2.)a card is drawn from a standard deck of 52 cards. what is the probability that the card is neither a four or a five?
3.)At Studymore University, 46% of students are female and 13% of the female students are psychology majors. 9% of all students are psychology majors. a student is selected at random. what is the probability that the person selected is a female psychology major?
4.)you supervise 12 nurses. in how many ways can you choose four nurses to have the weekend off? what is the probability that four chosen individuals will have the weekend off?
We do not do your work for you. Once you have answered your questions, we will be happy to give you feedback on your work. Although it might require more time and effort, you will learn more if you do your own work. Isn't that why you go to school?
However, I will start you out with the first problem.
1. You are looking for probability of either one red or two reds.
One red = 7/20 * 13/19
Two reds = 7/20 * 6/19
Either-or probability is founds by adding the individual probabilities.
1) To find the probability that at least one marble drawn is red, we need to consider two scenarios: either one red marble is drawn or both marbles drawn are red.
First, let's determine the probability of drawing one red marble. There are a total of 20 marbles in the bowl, and 7 of them are red. So, the probability of drawing one red marble is 7/20 or 0.35.
Next, let's determine the probability of drawing both red marbles. After drawing the first red marble, there will be 6 red marbles left out of the remaining 19 marbles. So, the probability of drawing a second red marble (without replacement) is 6/19 or approximately 0.316.
To calculate the probability of at least one red marble, we can add the probabilities of the two scenarios together:
Probability of one red marble + Probability of both red marbles
= 0.35 + 0.316
= 0.666 or approximately 0.67
Therefore, the probability that at least one marble drawn is red is approximately 0.67.
2) To find the probability that a card drawn is neither a four nor a five, we need to subtract the probability of drawing a four or a five from 1 (since we want the complement event).
There are four fours and four fives in a standard deck of 52 cards.
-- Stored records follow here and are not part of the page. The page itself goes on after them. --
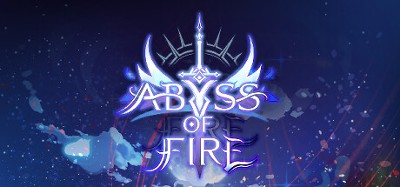 Abyss Of Fire Image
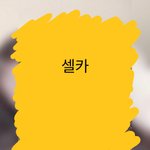 [댓글부탁해] 셀카 잘 알고 알려줄사람만 들어와줘ㅈㅂ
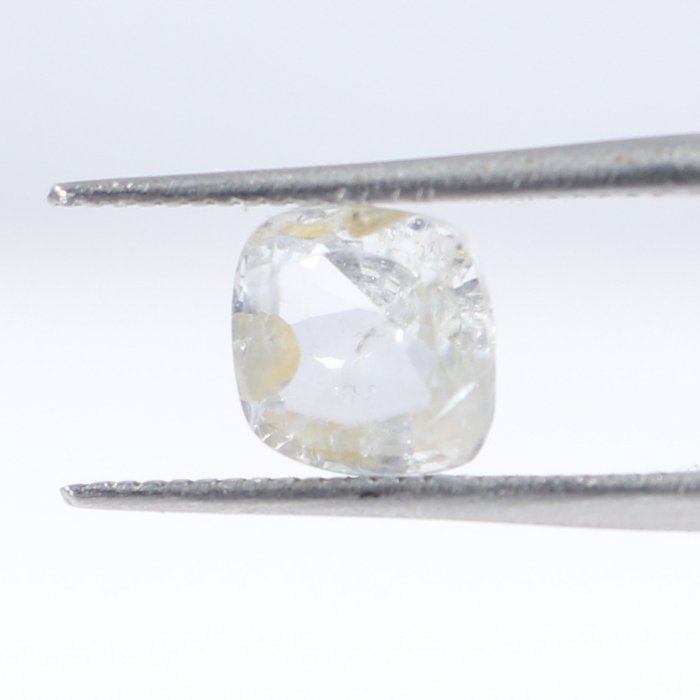 BSP12307 1 1 BLUE SAPPHIRE 1.19 Ct.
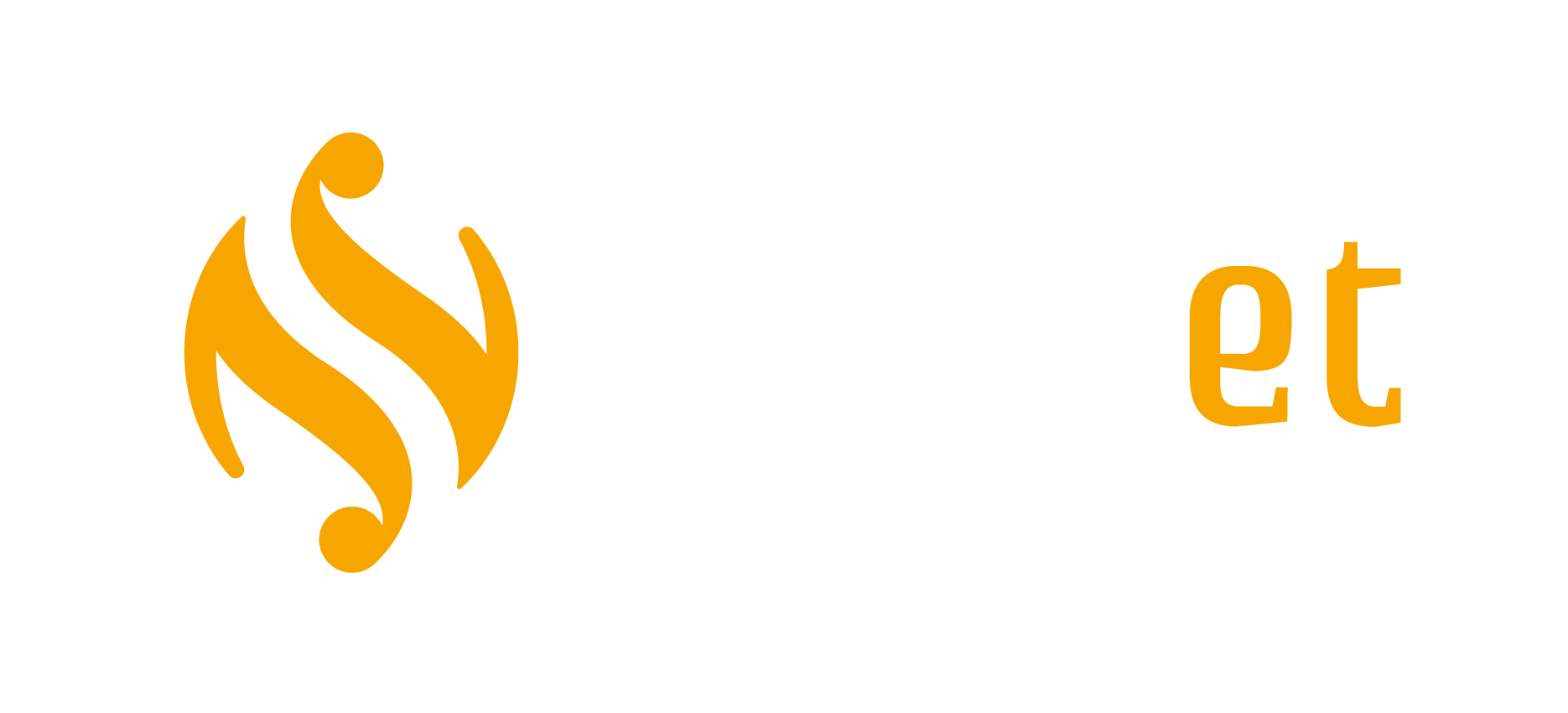 Sohbet Restaurant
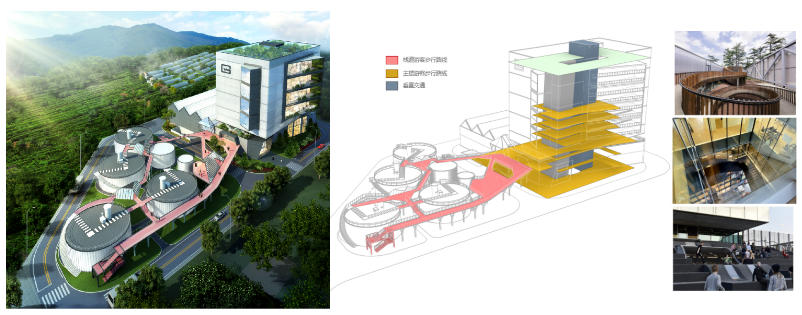 a797ab67ddad4ed93aefb822bbecb53c.png a797ab67ddad4ed93aefb822bbecb53c.png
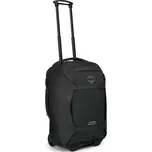 Osprey Sojourn Shuttle 45 l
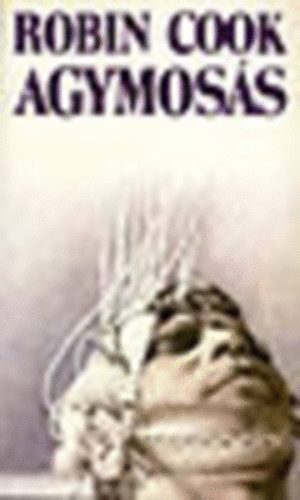 Robin: Cook - Agymos�s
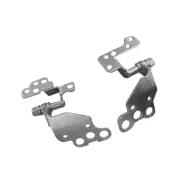 HP Envy Pavilion M6 M6-1000 LCD Hinges Set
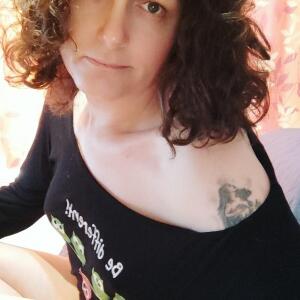 Maelle-transgenre mym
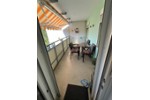 Etagenwohnung Springe - 4 Zimmer, 93 m&sup2;, 238.000&euro; | Angebot:27197597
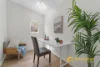 41 Kihilla Road, Auburn, NSW 2144-Image
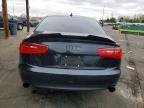 2014 Audi A6 Premium Plus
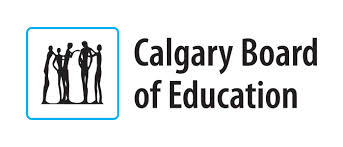 Du học Canada – Giới thiệu về Hội đồng trường Trung học Calgary (Calgary Board of Education)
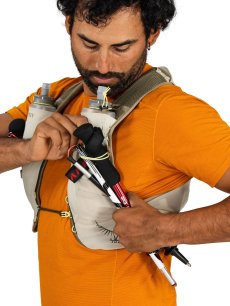 画像8: OSPREY オスプレー デューロ6 (OS53127) (8)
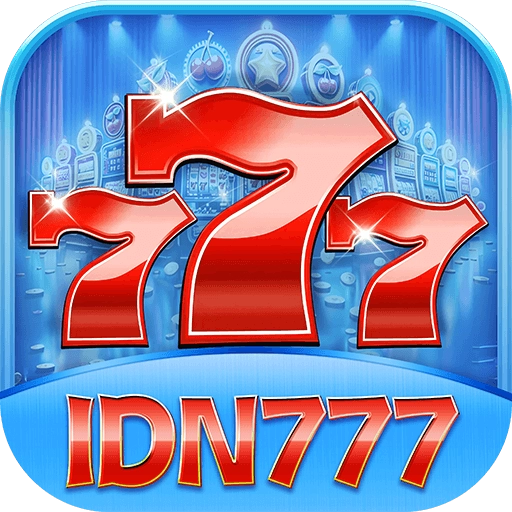 tokped777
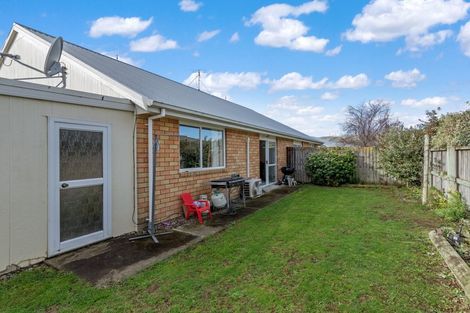 Photo of property in 9d Westhaven Place, Redwoodtown, Blenheim, 7201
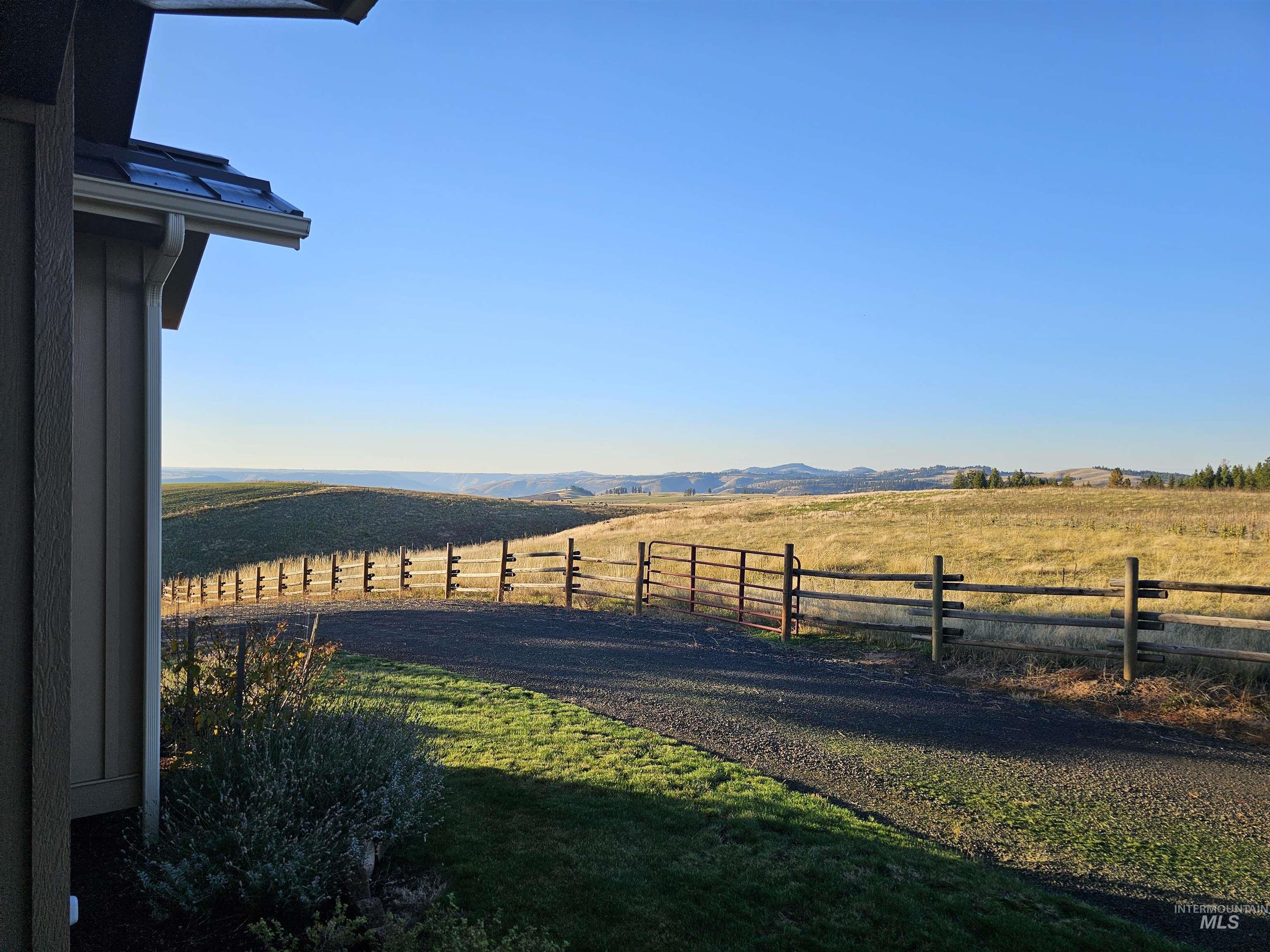 1151 Beaverslide Road Kamiah, ID 83536 - Photo 48 of 50
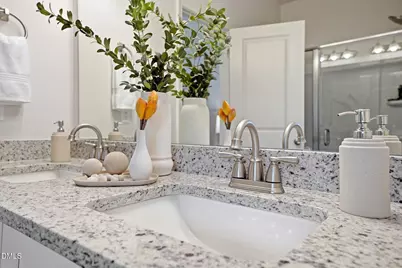 9043 Phoenix Court, Middlesex, NC 27557 - Photo 18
So, the probability of drawing a four or a five is 8/52 or 2/13.
Now, to find the probability of not drawing a four or a five, we can subtract the probability we just calculated from 1:
Probability of neither four nor five = 1 - Probability of four or five
= 1 - (2/13)
= 11/13
Therefore, the probability that a card drawn is neither a four nor a five is 11/13.
3) To find the probability that the randomly selected student is a female psychology major, we need to multiply the probability of being female (46%) by the probability of being a psychology major given that the student is female (13%).
Probability of being a female psychology major = Probability of being female * Probability of being a psychology major given female
= 0.46 * 0.13
= 0.0598 or approximately 0.06
Therefore, the probability that the randomly selected student is a female psychology major is approximately 0.06.
4) To calculate the number of ways to choose four nurses out of twelve to have the weekend off, we can use the combination formula, denoted as C(n, r), where n is the total number of nurses and r is the number of nurses chosen.
The formula for combination is:
C(n, r) = n! / (r!(n-r)!)
In this case, we have 12 nurses and we need to choose 4 nurses, so we have:
C(12, 4) = 12! / (4!(12-4)!)
= 12! / (4! * 8!)
= (12 * 11 * 10 * 9) / (4 * 3 * 2 * 1)
= 495
Therefore, there are 495 ways to choose four nurses to have the weekend off.
To find the probability that the four chosen individuals will have the weekend off, we need to compare the number of favorable outcomes (4 nurses having the weekend off) to the total number of possible outcomes (495 ways to choose 4 nurses).
Probability of four nurses having the weekend off = Number of favorable outcomes / Total number of outcomes
= 1 / 495
≈ 0.002
Therefore, the probability that the four chosen individuals will have the weekend off is approximately 0.002 or 0.2%.